The Harrington Lake estate is both the name of the official country retreat of the Prime Minister of Canada and of the land which surrounds it. It is located near Meech Lake where the Meech Lake Accord was negotiated in 1987 several kilometers northeast of Ottawa, in an area known as Gatineau Park, amidst the Gatineau Hills in Quebec. The estate is not open to the public, but the Mackenzie King Estate, the retreat of Prime Minister William Lyon Mackenzie King at Kingsmere, is a tourist attraction a few kilometers further south in the park.
The lake itself and the area around it are also referred to as Lac Mousseau. The name Harrington is thought to be a misspelling of Hetherington, the name of a family which settled in this area. The French name Mousseau comes from another early settler to the area, Louis Mousseau.
History
The lake and the property had been acquired by the Queen in Right of Canada in the 1950s, in order to build up preserves of natural areas around the capital. In 1959, supporters of Prime Minister John Diefenbaker suggested that he needed a quiet place to go fishing, not too far from Ottawa, and, later that year, Harrington Lake was chosen as the site for an official country residence for the Prime Minister. During the first prime ministership of Pierre Trudeau, his then-wife, Margaret, added a vegetable garden, which, according to Kim Campbell's autobiography Time and Chance, still provides the house with fresh produce.
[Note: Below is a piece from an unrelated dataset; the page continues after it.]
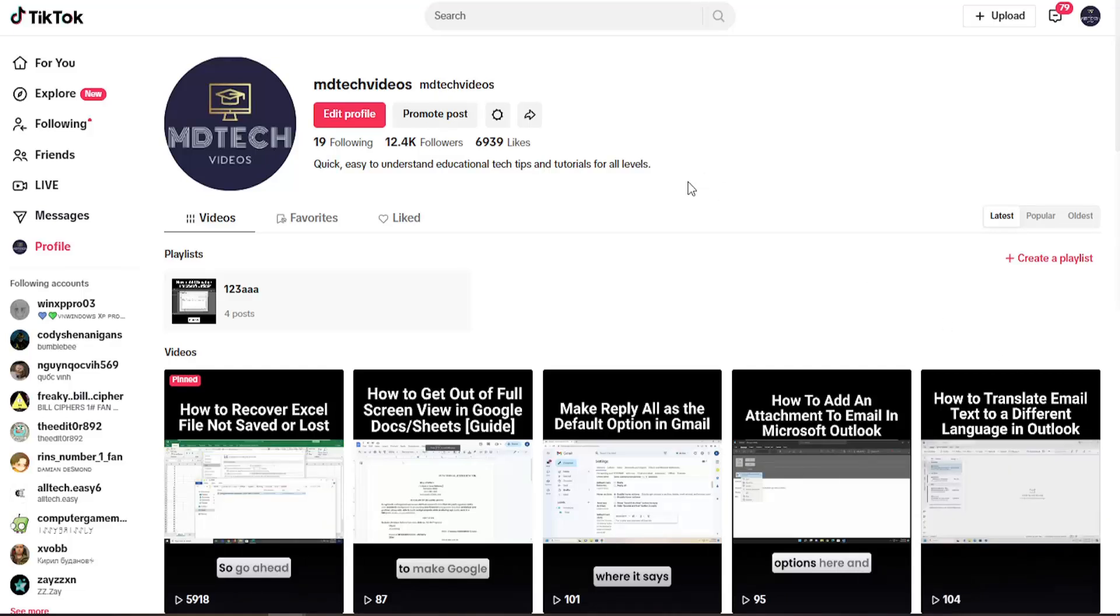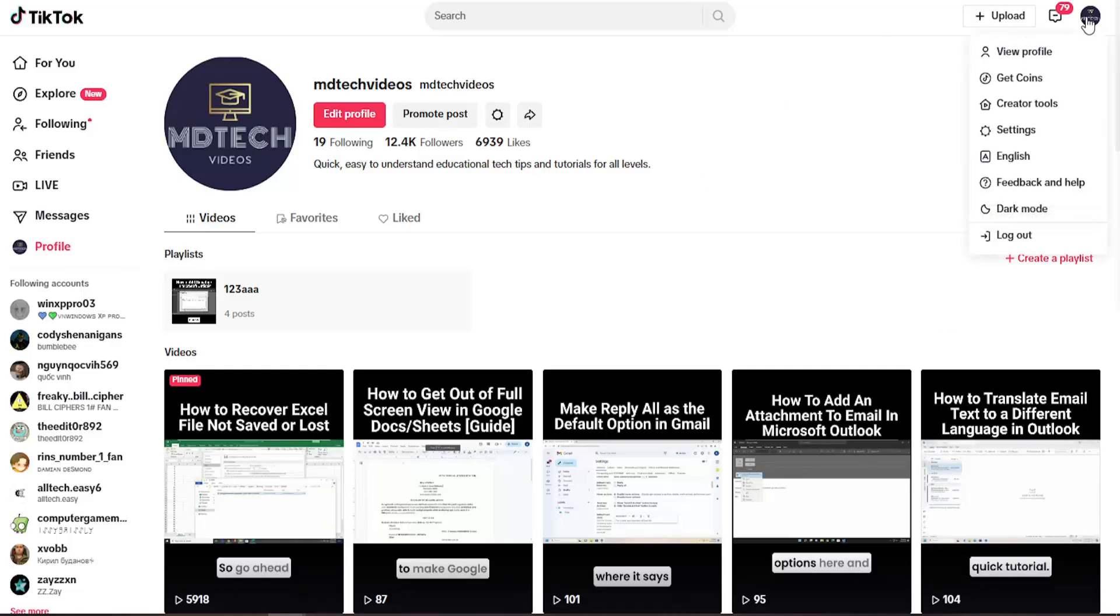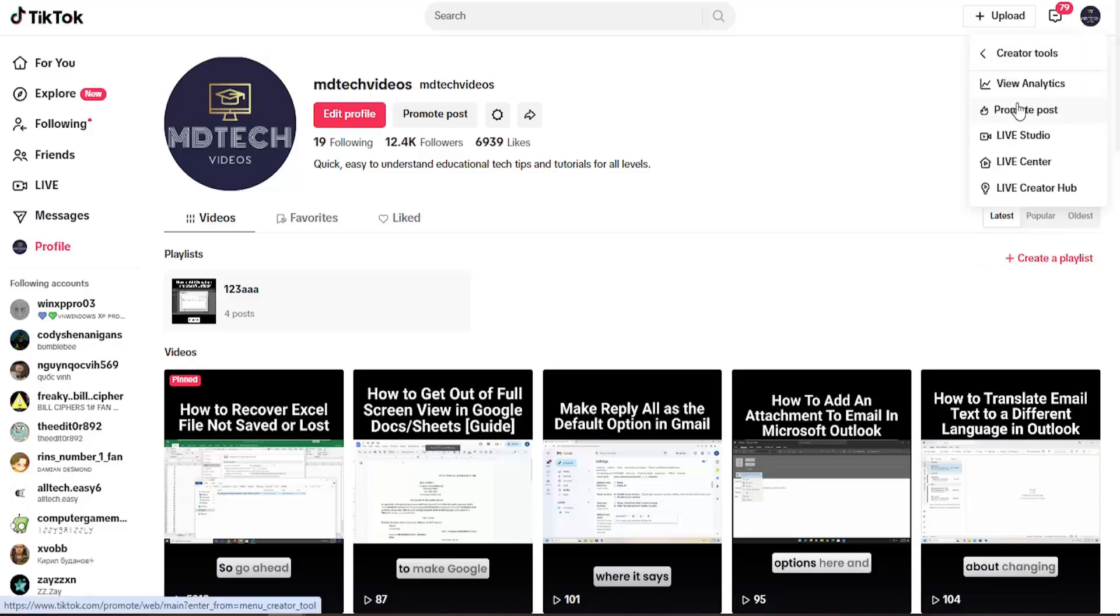So all you have to do is navigate over to your TikTok profile page and select your profile icon on the top right. Select where it says creator tools, and then select view analytics.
Campbell was also the only Prime Minister to have spent her entire term in office residing at Harrington Lake. Initially, Campbell took up residence at Harrington Lake so that her predecessor, Brian Mulroney, could continue to reside at 24 Sussex Drive until renovations on his new private residence in Montreal were completed. Once Mulroney vacated 24 Sussex, Campbell had not finished moving to that address before her party was defeated in the 1993 election, and the Governor General dismissed her as Prime Minister.